Random effects (mixed) models are a class of models used frequently to model longitudinal data. They offer many advantages including the ability to handle different observation times across subjects and to allow non-stationary covariance structures. In these models, little time is typically spent on modelling the random effects covariance matrix. In particular, examining whether this matrix is the same for all subjects or whether it differs depending on subject-specific characteristics is often neglected in the modelling. For discrete longitudinal data modelled using generalized linear mixed models, ignoring this heterogeneity can result in biased estimates of the fixed effects . For continuous longitudinal data, which will be our focus here, the standard errors for the fixed and random effects, and consequently, inferences, will be incorrect, the random effects will not be shrunk correctly, and prediction of subject-specific trajectories can be poor. In addition, incorrectly modelling the covariance structure in the presence of missing data can result in biased estimates of fixed effects.
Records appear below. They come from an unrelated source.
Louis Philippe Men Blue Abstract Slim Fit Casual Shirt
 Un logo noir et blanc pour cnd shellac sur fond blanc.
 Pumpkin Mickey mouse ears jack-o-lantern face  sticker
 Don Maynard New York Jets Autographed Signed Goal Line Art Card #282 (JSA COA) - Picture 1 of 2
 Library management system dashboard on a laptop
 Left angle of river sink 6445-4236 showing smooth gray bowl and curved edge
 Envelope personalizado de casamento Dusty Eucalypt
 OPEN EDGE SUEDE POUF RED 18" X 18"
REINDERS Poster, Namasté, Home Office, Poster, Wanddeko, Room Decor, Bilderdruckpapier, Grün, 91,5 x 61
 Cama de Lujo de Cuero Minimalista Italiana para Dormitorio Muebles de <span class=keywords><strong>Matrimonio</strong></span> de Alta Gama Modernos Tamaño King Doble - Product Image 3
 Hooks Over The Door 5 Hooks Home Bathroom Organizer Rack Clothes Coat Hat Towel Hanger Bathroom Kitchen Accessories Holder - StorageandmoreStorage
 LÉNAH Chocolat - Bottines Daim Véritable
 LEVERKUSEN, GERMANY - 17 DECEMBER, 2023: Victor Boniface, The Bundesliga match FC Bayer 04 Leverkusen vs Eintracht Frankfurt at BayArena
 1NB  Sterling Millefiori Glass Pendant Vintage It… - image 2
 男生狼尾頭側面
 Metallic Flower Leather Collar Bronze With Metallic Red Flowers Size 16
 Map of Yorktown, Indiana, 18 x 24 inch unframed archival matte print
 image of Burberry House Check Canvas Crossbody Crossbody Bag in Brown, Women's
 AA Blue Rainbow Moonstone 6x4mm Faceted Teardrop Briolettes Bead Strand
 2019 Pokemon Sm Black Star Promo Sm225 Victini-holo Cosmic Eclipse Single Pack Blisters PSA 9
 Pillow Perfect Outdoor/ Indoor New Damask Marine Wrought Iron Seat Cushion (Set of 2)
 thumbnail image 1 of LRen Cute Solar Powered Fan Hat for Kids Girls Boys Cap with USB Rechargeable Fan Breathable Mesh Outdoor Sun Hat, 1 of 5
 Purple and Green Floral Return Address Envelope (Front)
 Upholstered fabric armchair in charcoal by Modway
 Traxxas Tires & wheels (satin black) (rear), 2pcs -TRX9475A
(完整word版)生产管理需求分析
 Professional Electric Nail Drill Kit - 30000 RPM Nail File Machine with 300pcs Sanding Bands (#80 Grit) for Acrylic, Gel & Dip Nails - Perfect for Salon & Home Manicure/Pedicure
Accounting for heterogeneity in covariance matrices has recently been discussed by several authors. In marginal models, Chiu et al.,  model the covariance matrix using a log matrix parameterization and obtain estimates using estimating equations. In non-linear mixed models, heterogeneous covariance structures are frequently used, but typically with variance a function of the mean and constant correlations across subjects . Pourahmadi and Daniels  develop a class of models they call dynamic conditionally linear mixed models in which the marginal covariance matrix is allowed to vary across individuals, but they consider the random effects covariance matrix to be constant across subjects. In the context of linear mixed models, Lin et al.,  examined heterogeneity in the within-individual variances in linear mixed models and Zhang and Weiss  discussed heterogeneity in the random effects covariance matrix but mainly consider models that allow the entire matrix to differ by a multiplicative factor. Little work has been done on modelling the entire random effects covariance matrix.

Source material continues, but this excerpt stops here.